After analysis, the original network had certain problems with the detection of tiny foreign bodies, which were as follows: the feature extraction network of the network had only 16 layers, the extracted target features were not enough, and only the feature map of the last layer was used; the loss function of the localization frame of the network was not expressed enough, which cannot show the gap between the prediction frame and the real frame well; the generation of the a priori frame of the network was set according to experience, which did not apply to the detection of tiny foreign bodies; the size processing of the network before the fully connected layer led to the loss of information due to the rounding process, which greatly affected the detection of tiny foreign bodies in this paper.
Therefore, the feature extraction, IoU loss function, anchor box parameters, and ROI Pooling layer of the original network were optimized and improved for the above problems, and the feature fusion module and attention mechanism were added.
3.3. Faster R-CNN Networks with Feature Fusion and Attention Mechanism
In Faster R-CNN, during the network training process, the image features extraction directly affected the training effect. The different levels of feature layers extracted have certain differences during feature extraction. Generally speaking, low-level feature layers have higher resolution and less semantic information, while high-level feature layers have more semantic information and lower resolution. The original Faster R-CNN network directly used the feature image of the last layer of the feature extraction network, which has low resolution and more semantic information due to the high number of feature layers, and it was less effective for detecting tiny foreign bodies.

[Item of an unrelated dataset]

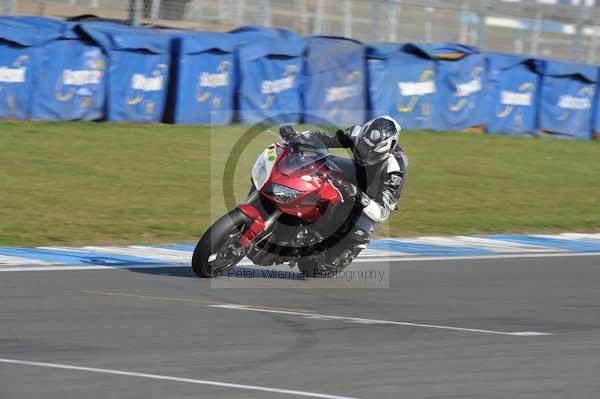Motorcycle action photographs;Trackday digital images;donington;donington park leicestershire;donington photographs;event digital images;eventdigitalimages;no limits trackday;peter wileman photography;trackday;trackday photos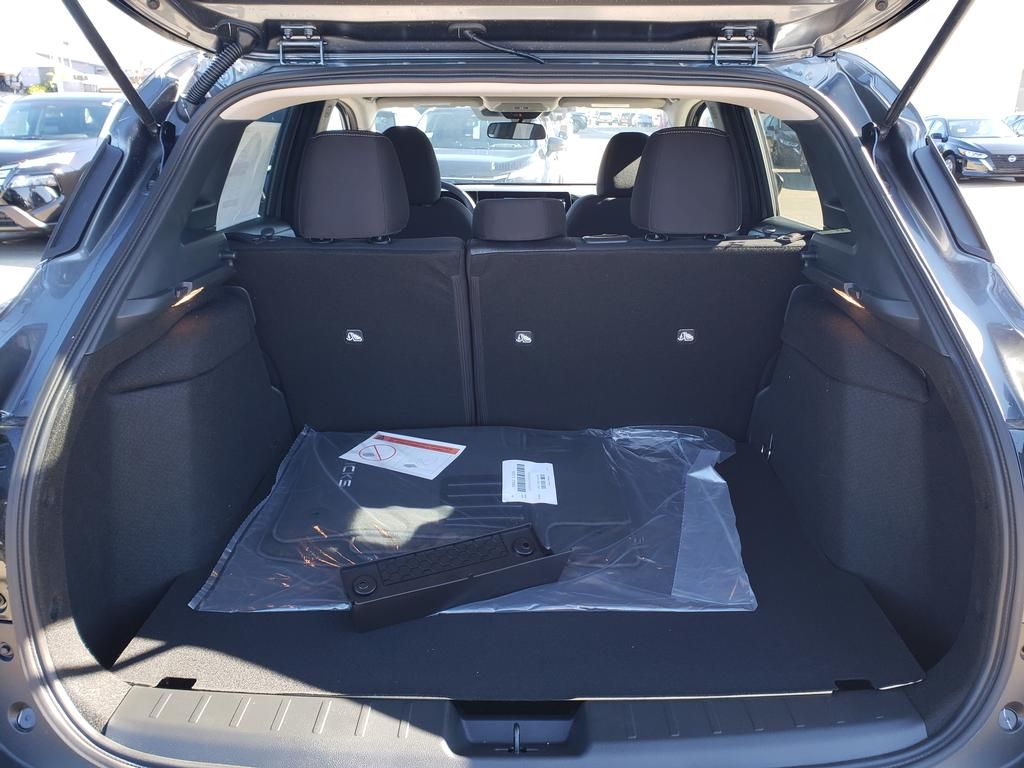 2026 Nissan Kicks SV photo 4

In this paper, we added the FPN network module after the shared feature layer to change the original prediction mechanism only at the last layer for predictions at different feature layers. We let the high-level feature layer perform double upsampling and then fused the features with the low-level feature layer, which meant that the low-level feature layer also had more semantic information.

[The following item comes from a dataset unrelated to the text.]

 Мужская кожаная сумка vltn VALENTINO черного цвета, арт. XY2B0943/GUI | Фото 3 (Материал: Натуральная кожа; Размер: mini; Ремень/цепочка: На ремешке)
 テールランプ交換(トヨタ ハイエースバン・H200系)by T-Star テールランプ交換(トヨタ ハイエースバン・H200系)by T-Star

The FPN network module was added after the ResNet152 feature extraction network, and the four layers of Conv2_x, Conv3_x, Conv4_x, and Conv5_x of the ResNet152 network were fused with features. The network structure diagram after adding FPN is shown in
Figure 7.
After improving the feature extraction network and feature fusion, the feature layers involved in the subsequent prediction all possess more semantic information. However, we preferred the network to focus on the features of foreign bodies rather than containing all the feature information. As shown in
Figure 8, the acquired images, in addition to the foreign bodies, can also see the surface characters or local characters of the liquid bags (red boxes), which have a similar shape to the foreign objects. Still, the color was very different from the foreign bodies. Therefore, the network needed to focus on the channel features of the image and concentrate the network attention on the foreign body rather than the characters. Some hot joints (green boxes) will be produced during the manufacturing process of liquid bags. To avoid recognizing the hot joint as a foreign object, we let the network focus on the size characteristics of the image instead of the large hot joint, based on the property that the foreign object was smaller than the hot joint.
In this paper, the CBAM attention mechanism module was added after the feature fusion module to allow the output of the whole shared feature layer to be more focused on foreign bodies. The CBAM module was a combination of the channel attention module and the spatial attention module. The channel attention mechanism used global average pooling and global maximum pooling parallel channel dimensions for the feature layer and then summed them up after shared full-connected processing and was processed by the sigmoid function into the weights of each channel, which is multiplied back to the feature input layer to complete the attention to the feature layer channels. Spatial attention, on the other hand, compressed the channels by stacking the maximum and average values in the channel direction, respectively, to compress the number of channels, and then by convolution to call back the number of channels, and finally multiplying it by the feature layer that has just completed the channel attention mechanism. The two models are processed in tandem in the network, completing the whole CBAM. The way the two attention modules were combined in the whole network is shown in
Figure 9.
3.4. Faster R-CNN Networks with Improved IoU Loss Function
The
IoU function was often used in Faster R-CNN networks to discriminate the degree of overlap of two rectangular boxes, which in turn enabled the delineation of positive and negative boxes in the RPN module. It can also be used as a loss function for bounding box regression. The method calculating the degree of overlap of rectangular boxes A and B is shown in Equation (4).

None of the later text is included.